Today, a visitor finds ancient ruins similar to those at popular Ephesus, but Aphrodisias enchants with a more beautiful and spread out town plan. Plus, the UNESCO World Heritage site includes an on-site museum making a complete one-stop tour. Best of all, there are far fewer guests along the pathways. You’ll find the partially restored Temple of Aphrodite along with the remains of a large theater, a stadium, baths, agora and impressive, but restored gateway.
For me, the most fascinating and memorable details about Aphrodisias came from the story of its rediscovery. Aphrodisias owed much of its fame to its school of sculpture, and although artful works were sent by ship to Italy, the sculptors still reserved their finest products for their own city.
Earthquakes destroyed the city walls in the 7th century, and they were never repaired. Over time, the theater filled with earth, acquiring the look of a natural, untouched mound. Some marble columns stuck out of the ground, but when viewed from a distance, they merged with the tree trunks surrounding them.
Paraphrased from Turizm.net:
A remote village by the name of Geyre grew up over and around the ruins. In 1956, the region was again shaken by an earthquake that destroyed more than half of the village. When digging a new water trench, the residents turned up some exquisite marble carvings and reliefs. These finds led to an onslaught of archaeologists who succeeded in persuading the villagers to choose a different water route but, in spite of the archaeological interest, they merely erected a wire fence around the ruins and departed.

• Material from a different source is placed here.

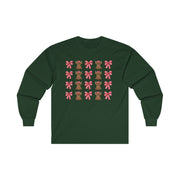 Christmas Cow with Bow Unisex Long Sleeve Tee, Holiday Festive Shirt, Winter Xmas Top, Red Green Bow Long Sleeve Shirt, Cute Holiday Tee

Aphrodisias entered a sleepy rest period, known mostly by the locals.
Two years later, the famous photographer and traveler Ara Güler arrived in the nearby town. “Chance took me to Geyre,” he says, “I had never heard of the place in my life and when I saw it, I really couldn’t believe my eyes. Exquisite columns standing there, Statues of breathtaking beauty. Columns lying around on the ground – some of them used to prop up the precarious walls of village houses that seemed ready to collapse at any moment. One beautifully carved sarcophagus lid was being used as the trough of a village fountain. On another villagers were playing cards. I had never seen such an interesting place. I rushed off to get my camera and took a whole pile of photographs.”
The story continues saying Güler later sent the pictures to his agent in Paris, who sent them to Horizon. The magazine requested more, and Güler went back to Geyre.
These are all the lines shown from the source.